En un artículo reciente, “Por qué Estados Unidos va a perder la guerra de precios del petróleo”, la empresa estadunidense Bloomberg señala que “quizá sea hora de que el gobierno de Estados Unidos evalúe si quiere subir la apuesta en [la] guerra de precios”, porque “ésta podría ser una larga y sangrienta batalla de resultado incierto […]. En general –agrega Bloomberg– es una mala idea hacerse el gallito en una guerra de precios. Por definición, todos se van a ver afectados, y cualquier victoria puede ser sólo relativa. El ganador es aquel que puede soportar más sufrimiento”.
La sugerencia de Bloomberg es la conclusión de la siguiente narración: como es improbable que Arabia Saudita y otros grandes productores petroleros de Oriente Medio reduzcan su producción, al igual que Rusia o Estados Unidos que han elevado su extracción, los precios del crudo mantendrán su caída. La consecuencia lógica será la disminución del número de plataformas petroleras y de pozos en operación, debido al cierre de los que proporcionan unos cuantos barriles por día, y la declinación de la producción cuyos costos marginales resulten poco rentables o improductivos ante las cotizaciones actuales. De hecho, esa situación ya empieza a resentirse en Estados Unidos, según Bloomberg.
Un precio de 40 dólares por barril o menos, como pronostica Goldman Sachs, deja, ipso facto, a 1 millón 500 mil barriles diarios con un flujo de caja negativo, debido a que sus costos de extracción superan los precios del mercado. Ellos se ubican en los campos de arenas bituminosas de Canadá, Estados Unidos y Colombia. Aunque ello no quiere decir que esa producción de esquisto se esfume y disminuya la oferta internacional. Porque una gran número de empresas estadunidenses de fracturación hidráulica (fracking) se verán obligadas a mantener la extracción y a contabilizar las pérdidas. Al menos durante un tiempo: en espera de mejores vientos, pues tienen que cubrir sus adeudos, estimados globalmente en alrededor de 200 mil millones de dólares.
En esas circunstancias es difícil pensar en la renegociación de los pasivos. Tampoco es complicado suponer que las compañías más apalancadas se hundirán en la vorágine petrolera, y las que logren capear el vendaval tendrán dificultades para fagocitarse a las naufragadas, porque carecerán de la liquidez y del crédito necesario, merced al recelo de los grupos financieros sobre la viabilidad de estas empresas y la calidad de sus activos.
Deborah Rogers, directora ejecutiva del Energy Policy Forum, señala en su trabajo Esquisto y Wall Street: ¿estuvo orquestada la bajada de precios del gas natural?, de 2013, que la propia industria admite que el 80 por ciento de los pozos de esquisto “pueden ser antieconómicos”. Que la recientemente depreciación masiva de los activos cuestiona la viabilidad financiera de los mismos y de las mismas empresas de esquisto. Que en un determinado caso, los activos se han liquidado por algo más del 50 por ciento del precio de compra.

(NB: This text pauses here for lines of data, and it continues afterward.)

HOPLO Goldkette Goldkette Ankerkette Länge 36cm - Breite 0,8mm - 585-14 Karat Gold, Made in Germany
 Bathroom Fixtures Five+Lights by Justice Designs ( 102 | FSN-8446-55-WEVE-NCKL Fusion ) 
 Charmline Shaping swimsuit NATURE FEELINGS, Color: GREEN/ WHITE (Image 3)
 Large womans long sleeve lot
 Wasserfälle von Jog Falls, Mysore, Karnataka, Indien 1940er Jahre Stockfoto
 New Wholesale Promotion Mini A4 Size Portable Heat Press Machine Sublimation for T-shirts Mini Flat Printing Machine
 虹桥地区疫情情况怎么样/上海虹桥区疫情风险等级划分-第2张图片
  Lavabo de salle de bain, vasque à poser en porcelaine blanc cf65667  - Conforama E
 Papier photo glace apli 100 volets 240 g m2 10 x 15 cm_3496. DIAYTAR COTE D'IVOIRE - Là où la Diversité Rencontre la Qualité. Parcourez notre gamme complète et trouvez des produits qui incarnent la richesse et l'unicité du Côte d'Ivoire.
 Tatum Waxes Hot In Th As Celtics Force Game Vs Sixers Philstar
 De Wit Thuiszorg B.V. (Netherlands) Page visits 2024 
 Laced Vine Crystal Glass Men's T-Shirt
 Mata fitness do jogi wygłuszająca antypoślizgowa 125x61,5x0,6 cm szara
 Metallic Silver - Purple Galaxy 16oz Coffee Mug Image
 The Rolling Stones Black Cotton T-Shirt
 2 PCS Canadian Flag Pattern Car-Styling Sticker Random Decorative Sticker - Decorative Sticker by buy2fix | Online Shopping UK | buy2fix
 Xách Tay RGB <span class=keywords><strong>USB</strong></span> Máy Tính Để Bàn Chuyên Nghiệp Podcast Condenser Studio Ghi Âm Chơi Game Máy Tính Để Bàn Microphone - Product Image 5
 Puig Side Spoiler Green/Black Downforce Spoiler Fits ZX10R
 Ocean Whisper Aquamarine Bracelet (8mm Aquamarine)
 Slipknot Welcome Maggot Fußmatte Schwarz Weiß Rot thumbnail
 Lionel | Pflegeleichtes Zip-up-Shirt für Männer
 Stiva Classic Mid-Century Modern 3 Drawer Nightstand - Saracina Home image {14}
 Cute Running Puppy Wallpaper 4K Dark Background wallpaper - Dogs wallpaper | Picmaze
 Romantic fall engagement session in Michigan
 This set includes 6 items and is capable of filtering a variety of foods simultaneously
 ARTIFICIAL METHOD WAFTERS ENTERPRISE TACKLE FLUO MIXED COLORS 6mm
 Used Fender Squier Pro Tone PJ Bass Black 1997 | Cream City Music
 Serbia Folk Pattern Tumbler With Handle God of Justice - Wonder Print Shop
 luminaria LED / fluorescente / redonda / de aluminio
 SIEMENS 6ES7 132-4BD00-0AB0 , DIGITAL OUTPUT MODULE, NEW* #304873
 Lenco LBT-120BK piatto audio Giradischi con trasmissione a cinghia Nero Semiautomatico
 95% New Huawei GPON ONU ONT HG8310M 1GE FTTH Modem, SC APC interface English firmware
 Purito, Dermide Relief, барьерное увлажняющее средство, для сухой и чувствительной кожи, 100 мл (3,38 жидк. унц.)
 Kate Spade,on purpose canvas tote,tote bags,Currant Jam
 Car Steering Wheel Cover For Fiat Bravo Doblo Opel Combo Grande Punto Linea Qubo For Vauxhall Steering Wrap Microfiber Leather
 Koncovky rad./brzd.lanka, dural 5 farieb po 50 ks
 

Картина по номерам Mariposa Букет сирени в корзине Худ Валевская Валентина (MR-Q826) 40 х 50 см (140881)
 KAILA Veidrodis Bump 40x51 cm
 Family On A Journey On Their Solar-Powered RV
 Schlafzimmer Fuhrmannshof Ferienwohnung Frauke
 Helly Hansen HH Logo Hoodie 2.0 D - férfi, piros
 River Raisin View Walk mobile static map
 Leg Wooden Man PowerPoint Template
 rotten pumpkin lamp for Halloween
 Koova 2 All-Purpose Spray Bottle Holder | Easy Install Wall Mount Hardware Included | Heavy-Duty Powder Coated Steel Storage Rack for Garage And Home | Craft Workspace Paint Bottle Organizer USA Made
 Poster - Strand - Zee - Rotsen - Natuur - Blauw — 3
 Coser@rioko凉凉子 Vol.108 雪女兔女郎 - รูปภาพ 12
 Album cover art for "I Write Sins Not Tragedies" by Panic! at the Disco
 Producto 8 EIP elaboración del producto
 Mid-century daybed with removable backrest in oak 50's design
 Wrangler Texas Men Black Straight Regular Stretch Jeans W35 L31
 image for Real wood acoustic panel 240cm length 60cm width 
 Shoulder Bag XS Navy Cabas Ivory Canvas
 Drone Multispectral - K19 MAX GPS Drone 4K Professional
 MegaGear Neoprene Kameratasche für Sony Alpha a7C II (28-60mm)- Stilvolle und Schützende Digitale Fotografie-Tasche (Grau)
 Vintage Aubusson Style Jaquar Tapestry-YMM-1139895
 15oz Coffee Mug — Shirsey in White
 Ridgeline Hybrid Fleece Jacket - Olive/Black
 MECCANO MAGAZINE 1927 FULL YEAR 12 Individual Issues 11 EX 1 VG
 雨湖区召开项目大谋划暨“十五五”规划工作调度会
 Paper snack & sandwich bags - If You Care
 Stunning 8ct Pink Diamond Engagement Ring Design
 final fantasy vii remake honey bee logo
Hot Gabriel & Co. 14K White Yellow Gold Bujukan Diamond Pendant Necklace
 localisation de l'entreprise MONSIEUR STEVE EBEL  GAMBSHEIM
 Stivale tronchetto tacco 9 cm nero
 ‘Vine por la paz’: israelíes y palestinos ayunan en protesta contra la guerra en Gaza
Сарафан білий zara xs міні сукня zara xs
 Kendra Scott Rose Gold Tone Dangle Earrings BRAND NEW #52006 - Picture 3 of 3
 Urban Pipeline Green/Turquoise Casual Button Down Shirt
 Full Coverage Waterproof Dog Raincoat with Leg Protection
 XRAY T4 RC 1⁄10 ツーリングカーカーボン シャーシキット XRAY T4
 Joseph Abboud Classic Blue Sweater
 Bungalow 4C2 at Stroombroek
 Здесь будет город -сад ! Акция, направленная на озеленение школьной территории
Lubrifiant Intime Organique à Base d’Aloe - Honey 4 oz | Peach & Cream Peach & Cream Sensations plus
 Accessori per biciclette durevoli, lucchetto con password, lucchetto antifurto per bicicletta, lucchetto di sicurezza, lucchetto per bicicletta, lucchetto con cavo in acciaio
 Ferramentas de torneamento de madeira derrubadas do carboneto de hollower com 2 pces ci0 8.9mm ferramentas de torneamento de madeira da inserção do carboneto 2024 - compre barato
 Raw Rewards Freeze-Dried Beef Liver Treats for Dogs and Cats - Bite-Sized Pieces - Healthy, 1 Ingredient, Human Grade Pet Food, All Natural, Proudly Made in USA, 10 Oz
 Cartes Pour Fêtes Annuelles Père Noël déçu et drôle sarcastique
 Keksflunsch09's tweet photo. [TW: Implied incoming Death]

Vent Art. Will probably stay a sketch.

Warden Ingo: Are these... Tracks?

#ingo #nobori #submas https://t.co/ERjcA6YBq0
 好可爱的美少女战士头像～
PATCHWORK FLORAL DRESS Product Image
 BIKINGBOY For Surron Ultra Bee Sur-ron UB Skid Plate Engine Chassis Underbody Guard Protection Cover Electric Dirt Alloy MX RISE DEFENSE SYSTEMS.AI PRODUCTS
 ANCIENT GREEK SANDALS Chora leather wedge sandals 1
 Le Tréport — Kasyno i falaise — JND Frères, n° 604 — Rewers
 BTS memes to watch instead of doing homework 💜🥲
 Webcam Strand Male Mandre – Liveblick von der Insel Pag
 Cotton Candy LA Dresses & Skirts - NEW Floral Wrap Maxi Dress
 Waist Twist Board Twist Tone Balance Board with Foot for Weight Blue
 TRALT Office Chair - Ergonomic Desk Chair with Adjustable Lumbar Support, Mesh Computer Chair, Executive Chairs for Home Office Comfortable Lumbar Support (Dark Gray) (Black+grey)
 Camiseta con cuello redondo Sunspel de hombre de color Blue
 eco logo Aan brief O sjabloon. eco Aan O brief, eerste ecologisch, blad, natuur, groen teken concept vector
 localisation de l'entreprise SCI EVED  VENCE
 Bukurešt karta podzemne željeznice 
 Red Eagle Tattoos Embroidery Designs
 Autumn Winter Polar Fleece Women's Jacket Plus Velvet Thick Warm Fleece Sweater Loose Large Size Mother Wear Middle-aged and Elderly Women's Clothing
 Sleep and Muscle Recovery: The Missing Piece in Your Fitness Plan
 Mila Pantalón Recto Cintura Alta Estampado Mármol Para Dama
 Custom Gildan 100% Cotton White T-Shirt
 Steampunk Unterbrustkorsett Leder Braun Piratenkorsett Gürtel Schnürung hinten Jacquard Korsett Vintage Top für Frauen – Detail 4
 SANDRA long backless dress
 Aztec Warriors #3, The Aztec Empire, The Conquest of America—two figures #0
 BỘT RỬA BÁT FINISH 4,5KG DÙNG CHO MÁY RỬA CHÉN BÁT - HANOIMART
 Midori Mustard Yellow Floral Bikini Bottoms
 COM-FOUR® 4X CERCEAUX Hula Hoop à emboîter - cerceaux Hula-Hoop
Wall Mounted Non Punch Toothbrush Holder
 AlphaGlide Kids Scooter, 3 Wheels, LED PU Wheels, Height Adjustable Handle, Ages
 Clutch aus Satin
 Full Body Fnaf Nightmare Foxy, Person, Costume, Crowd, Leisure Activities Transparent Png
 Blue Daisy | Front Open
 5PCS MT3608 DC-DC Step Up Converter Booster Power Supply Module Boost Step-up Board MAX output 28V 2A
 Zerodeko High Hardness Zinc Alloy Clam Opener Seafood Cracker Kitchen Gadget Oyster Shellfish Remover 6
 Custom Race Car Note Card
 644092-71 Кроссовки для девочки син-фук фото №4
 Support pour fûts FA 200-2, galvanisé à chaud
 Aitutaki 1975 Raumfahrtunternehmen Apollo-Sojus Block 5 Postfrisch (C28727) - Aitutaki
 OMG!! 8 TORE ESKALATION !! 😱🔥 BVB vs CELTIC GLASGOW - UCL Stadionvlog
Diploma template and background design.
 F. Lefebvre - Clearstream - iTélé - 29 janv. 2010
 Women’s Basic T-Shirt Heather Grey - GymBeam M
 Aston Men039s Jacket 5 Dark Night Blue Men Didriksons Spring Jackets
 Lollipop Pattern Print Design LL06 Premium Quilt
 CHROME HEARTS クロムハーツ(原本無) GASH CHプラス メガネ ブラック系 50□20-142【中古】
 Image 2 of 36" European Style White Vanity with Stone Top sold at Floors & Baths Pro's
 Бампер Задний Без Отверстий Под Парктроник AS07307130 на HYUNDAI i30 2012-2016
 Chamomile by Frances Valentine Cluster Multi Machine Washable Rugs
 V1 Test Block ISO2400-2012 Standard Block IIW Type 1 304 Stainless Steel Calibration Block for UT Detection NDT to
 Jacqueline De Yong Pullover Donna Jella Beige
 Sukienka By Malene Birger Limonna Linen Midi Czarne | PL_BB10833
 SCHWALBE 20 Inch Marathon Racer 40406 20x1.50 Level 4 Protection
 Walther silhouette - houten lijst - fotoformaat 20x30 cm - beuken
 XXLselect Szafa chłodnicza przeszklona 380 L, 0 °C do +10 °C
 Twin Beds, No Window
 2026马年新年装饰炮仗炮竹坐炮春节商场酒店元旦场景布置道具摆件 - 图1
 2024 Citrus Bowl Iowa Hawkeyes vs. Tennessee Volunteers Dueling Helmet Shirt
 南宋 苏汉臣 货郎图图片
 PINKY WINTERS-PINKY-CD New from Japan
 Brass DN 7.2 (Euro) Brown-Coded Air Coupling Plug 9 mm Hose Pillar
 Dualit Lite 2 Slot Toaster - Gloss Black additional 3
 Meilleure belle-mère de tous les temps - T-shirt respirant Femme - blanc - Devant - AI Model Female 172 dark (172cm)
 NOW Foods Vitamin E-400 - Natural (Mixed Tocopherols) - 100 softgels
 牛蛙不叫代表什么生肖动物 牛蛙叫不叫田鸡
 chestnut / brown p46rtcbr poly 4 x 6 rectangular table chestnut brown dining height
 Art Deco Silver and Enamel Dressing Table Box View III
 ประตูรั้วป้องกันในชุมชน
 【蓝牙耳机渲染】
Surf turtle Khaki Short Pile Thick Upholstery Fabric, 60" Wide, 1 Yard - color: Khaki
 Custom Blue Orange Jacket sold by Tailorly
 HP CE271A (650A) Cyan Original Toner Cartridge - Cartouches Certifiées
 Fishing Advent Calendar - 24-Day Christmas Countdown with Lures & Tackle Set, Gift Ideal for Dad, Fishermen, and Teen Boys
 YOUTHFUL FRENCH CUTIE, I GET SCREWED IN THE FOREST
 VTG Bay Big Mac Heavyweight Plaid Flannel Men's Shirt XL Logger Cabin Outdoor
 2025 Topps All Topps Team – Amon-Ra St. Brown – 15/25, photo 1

Bloomberg no descarta la insolvencia y la quiebra de empresas en la industria del esquisto, debido a sus altos costos de producción por barril, comparados con los de los oferentes tradicionales y los bajos precios actuales del mercado. Ello podría reducir la producción de ese tipo de petróleo. Pero sus efectos alcistas sobre los precios serán escasos, pues estos son inelásticos a los cambios de corto plazo en la oferta y la demanda.
Tampoco desecha la fusiones de firmas, fenómeno que no sería novedoso ni exclusivo. En 2011, por ejemplo, ante el deterioro de sus flujos de caja, aun con los precios altos, entre otros factores, las principales compañías que impulsaron el auge de petróleo y del gas no convencional, Encana, Range Resources, Chesapeake y Quicksilver Resources, se mostraron renuentes a mantener sus inversiones, renunciaron a proyectos de gaseoductos y oleoductos, a la emisión de ofertas públicas de adquisición (la compra de acciones para ampliar su presencia en una empresa) y a los acuerdos de inversiones comerciales conjuntas (joint ventures), y decidieron liquidar la mayoría de sus activos e iniciaron negociaciones con las multinacionales que controlan al sector. En países como el Reino Unido, Polonia o Ucrania se han abandonado proyectos de crudo y gas esquisto.
La quiebra y fusión seguirá la lógica de la acumulación capitalista descrita por Carlos Marx: el proceso de concentración y centralización de capitales, común en las crisis económicas; la formación de monopolios y oligopolios, que se disputarán el control de la producción y el mercado de hidrocarburos no convencionales. Tal y como sucede en la producción tradicional de hidrocarburos, donde participan las corporaciones como Exxon Mobil, Estados Unidos; Royal Dutch Shell, Holanda; Chevron, Estados Unidos; British Petroleum, Reino Unido; Total, Francia; y ConocoPhillips, Estados Unidos, que también intervienen en el sector del esquisto, y que, asimismo, resienten enormes cargos por el deterioro en sus activos relacionados con esquistos, como son los casos de Exxon Mobil o Royal Dutch Shell. Esta última había anunciado que pretende vender el 50 por ciento de sus activos de América del Norte.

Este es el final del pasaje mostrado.